- **GOAL OF THE EXERCISE**
Please repeat, exactly as written, the line containing "TNI dan Masyarakat" and every line after it through the end of the records below, leaving out any pictures.

- **EXTRACTED RECORDS**
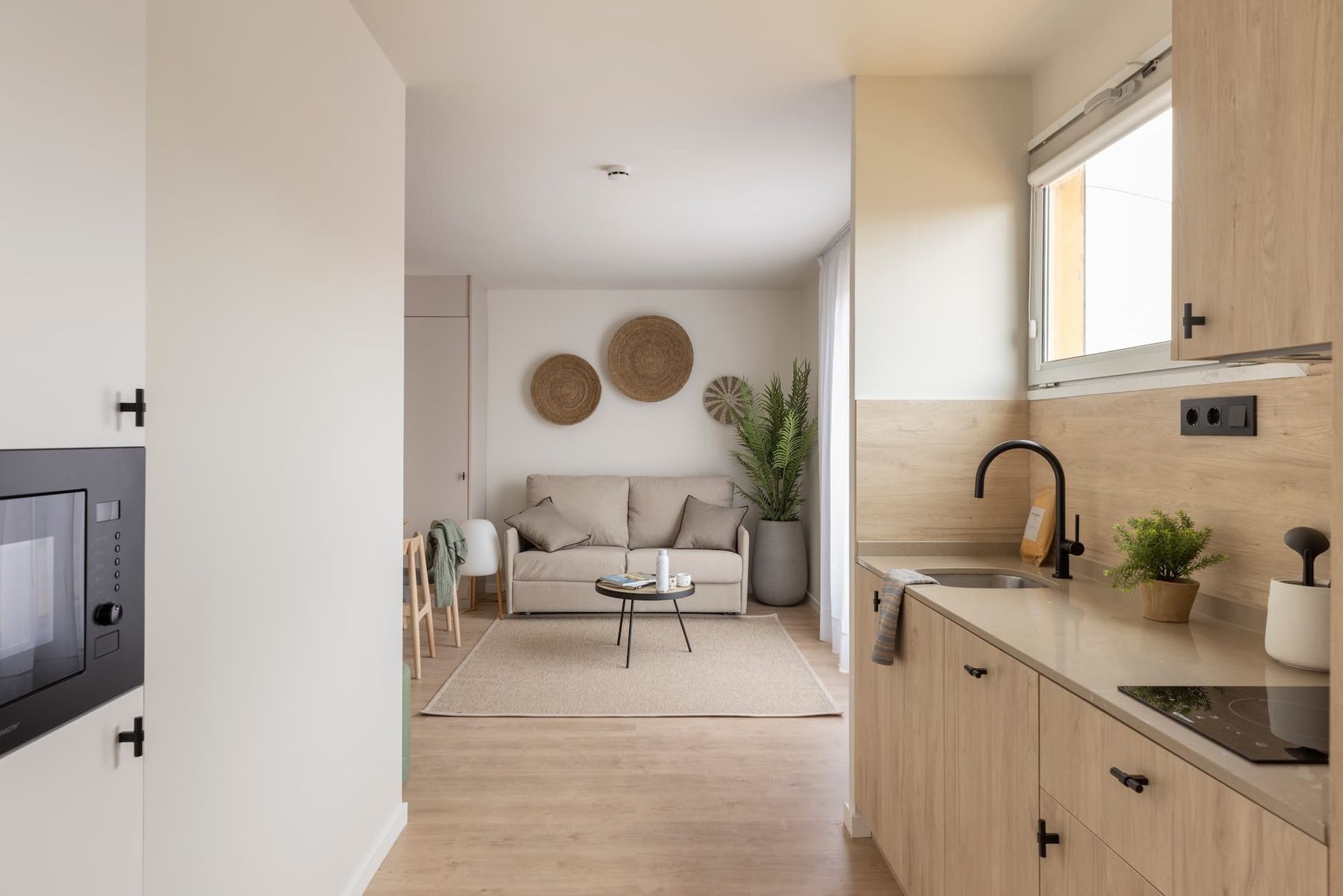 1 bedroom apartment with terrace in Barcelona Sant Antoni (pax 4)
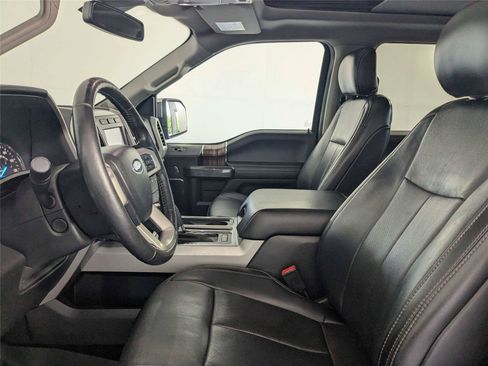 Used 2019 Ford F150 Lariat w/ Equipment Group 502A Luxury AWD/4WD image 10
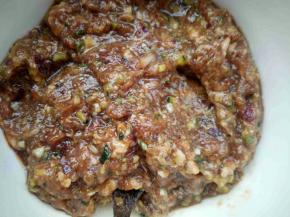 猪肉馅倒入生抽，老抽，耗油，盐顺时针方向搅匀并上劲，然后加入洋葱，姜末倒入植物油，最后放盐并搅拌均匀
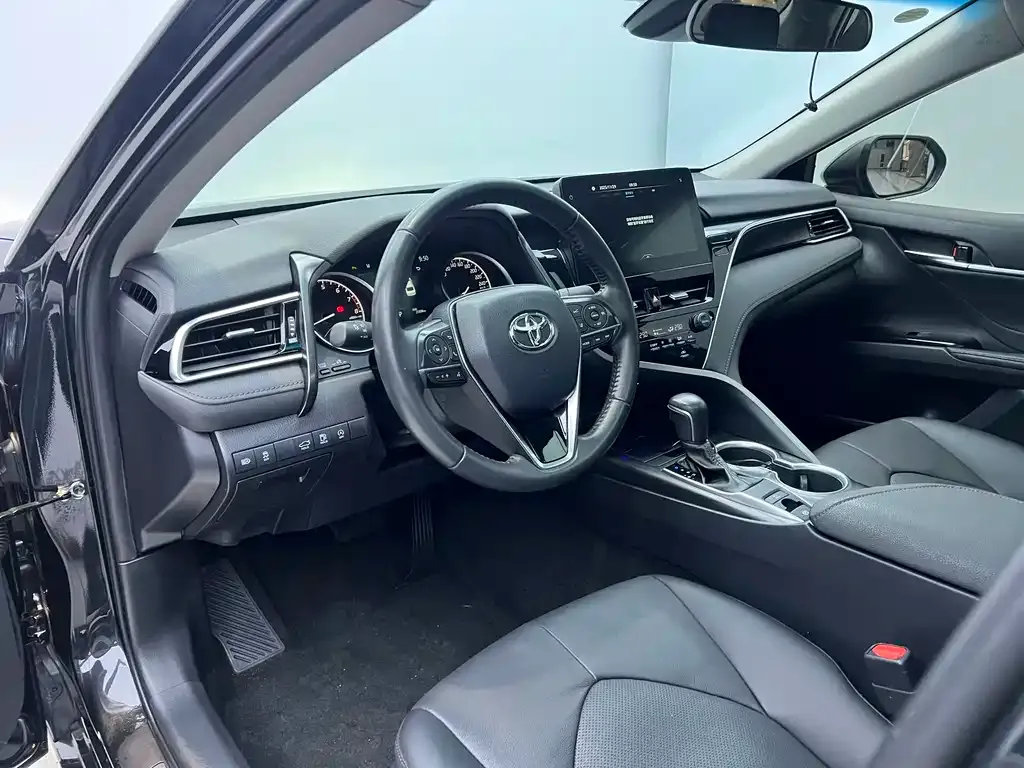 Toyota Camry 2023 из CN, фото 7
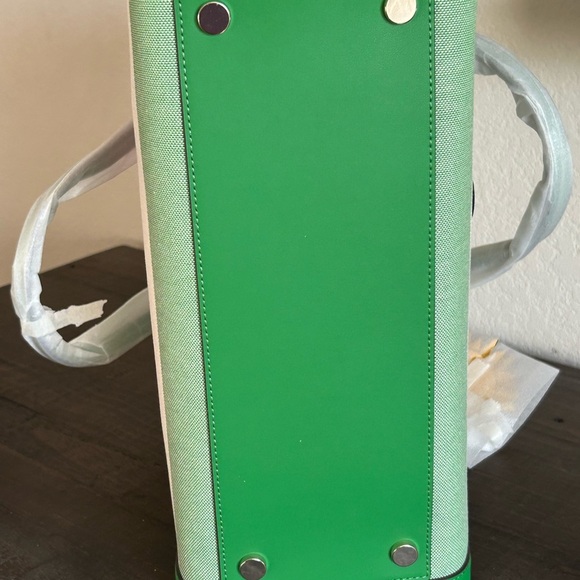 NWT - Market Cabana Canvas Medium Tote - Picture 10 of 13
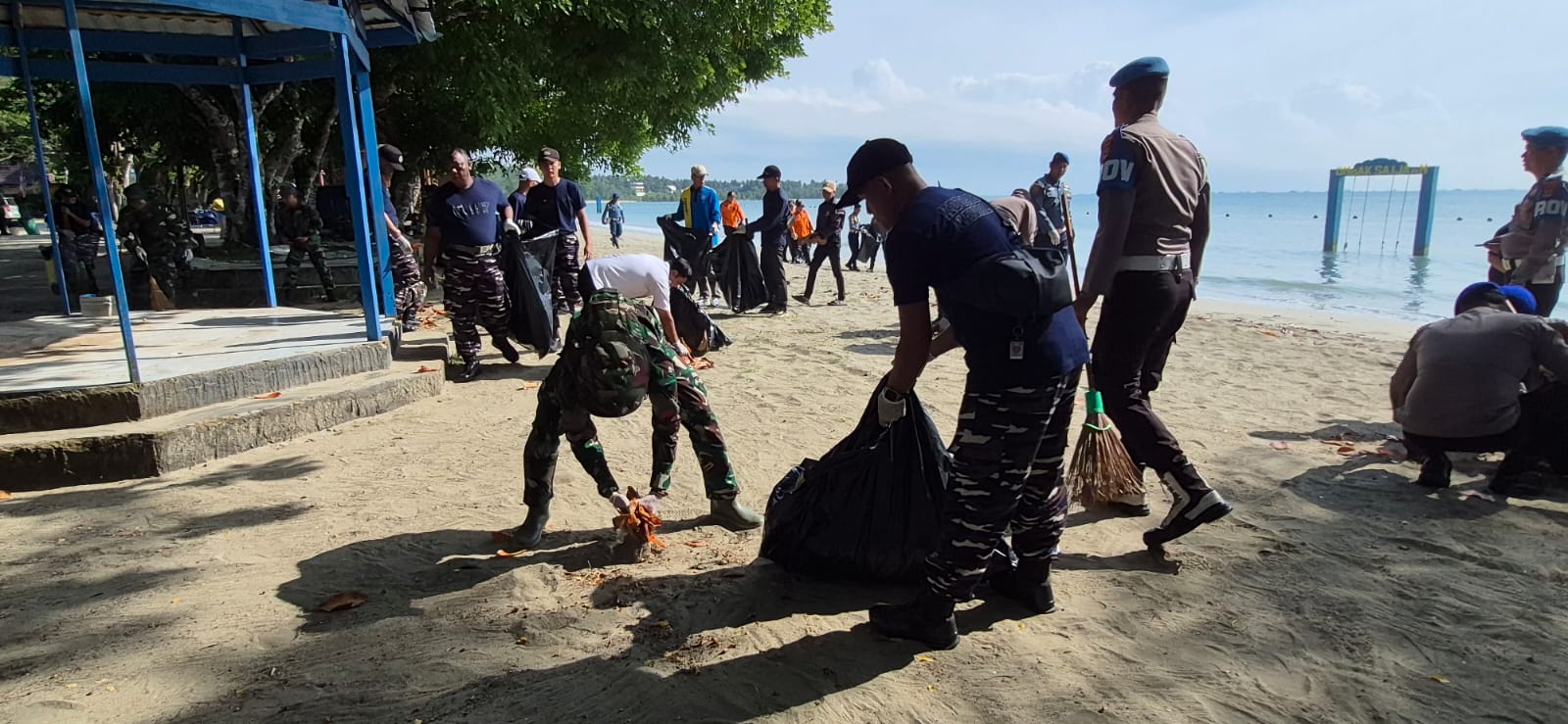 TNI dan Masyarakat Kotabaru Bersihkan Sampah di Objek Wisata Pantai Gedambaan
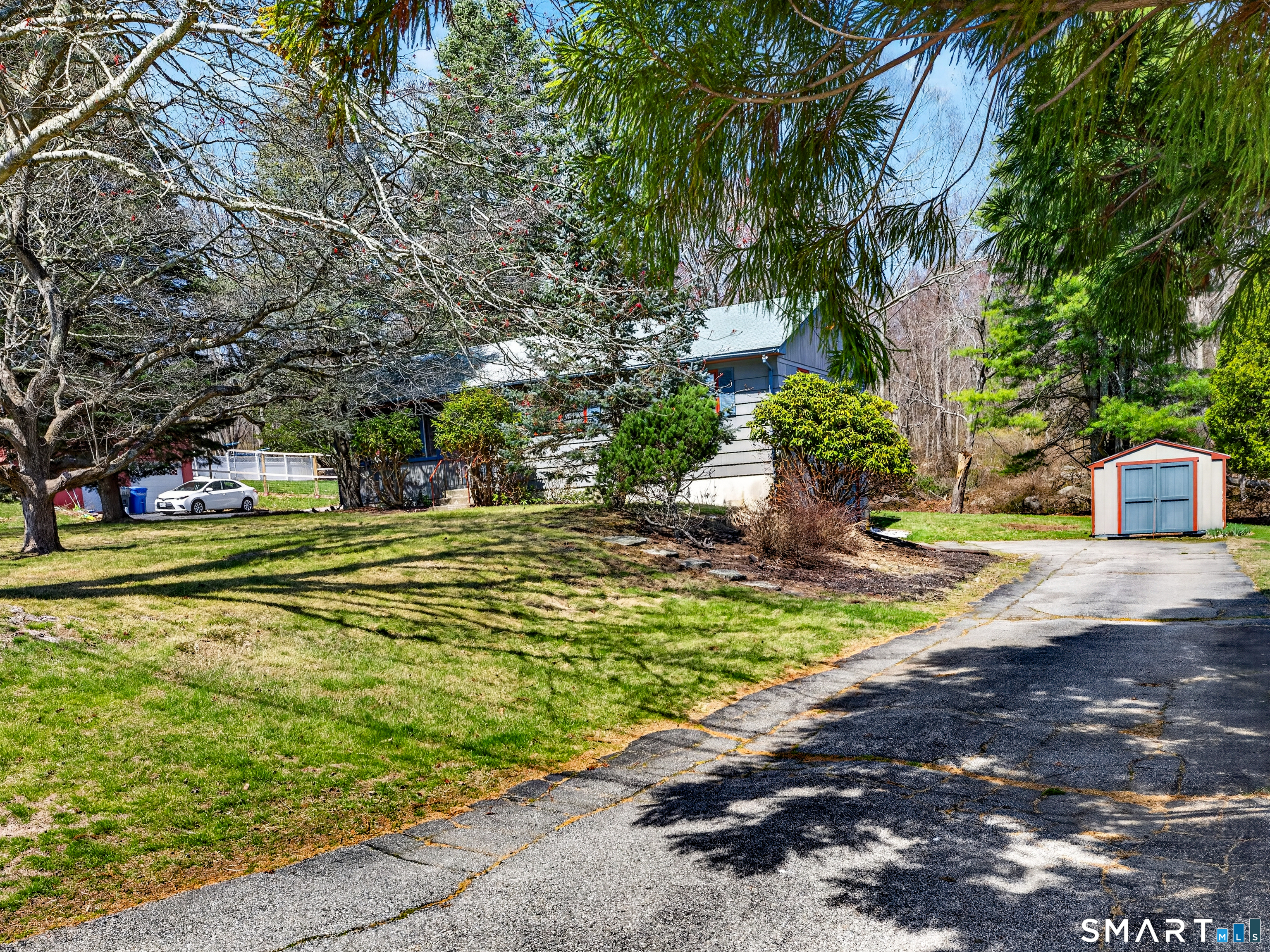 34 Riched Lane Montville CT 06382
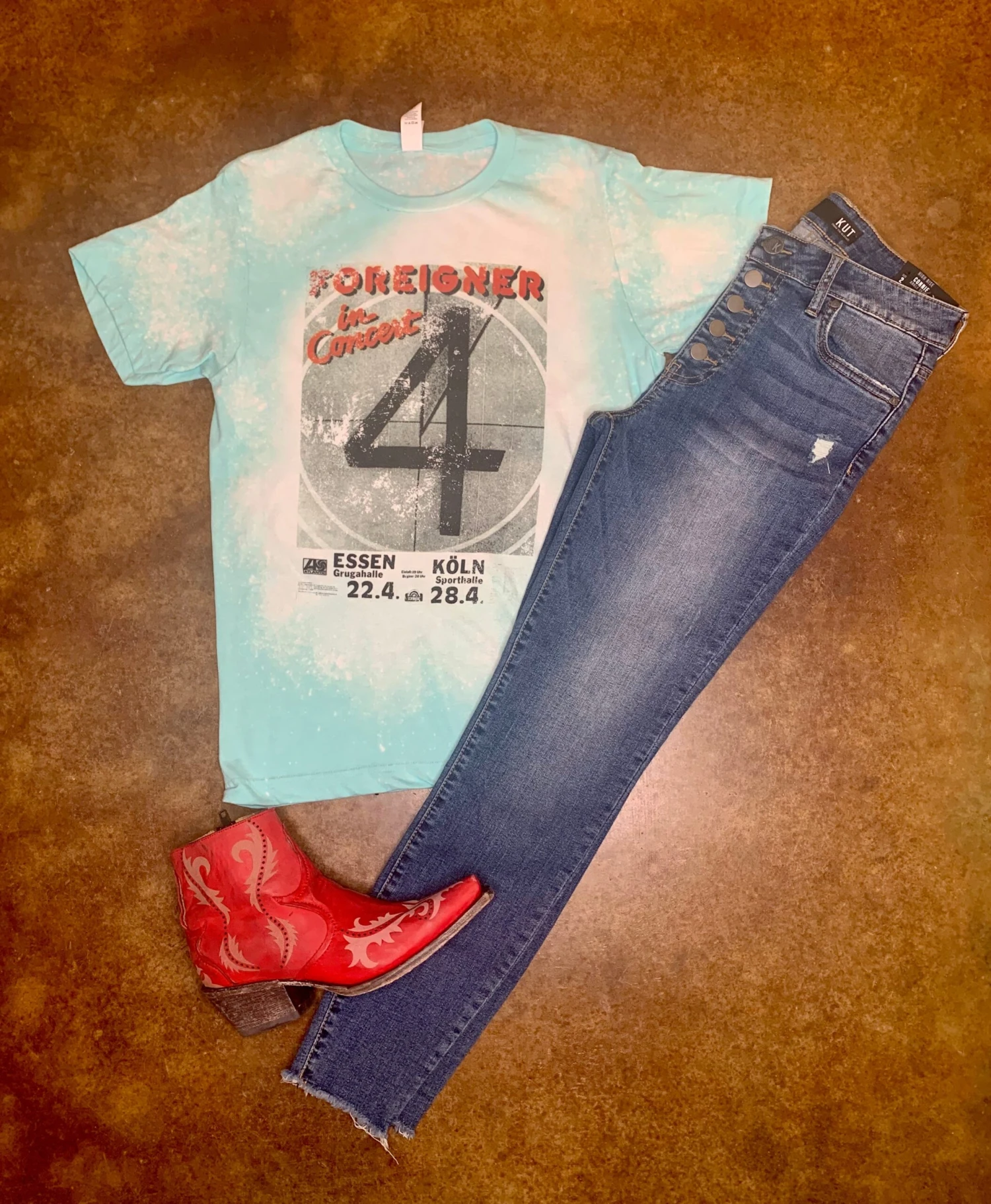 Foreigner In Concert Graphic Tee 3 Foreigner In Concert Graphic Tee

- **SOLUTION TO THIS EXERCISE**
 TNI dan Masyarakat Kotabaru Bersihkan Sampah di Objek Wisata Pantai Gedambaan
 34 Riched Lane Montville CT 06382
 Foreigner In Concert Graphic Tee 3 Foreigner In Concert Graphic Tee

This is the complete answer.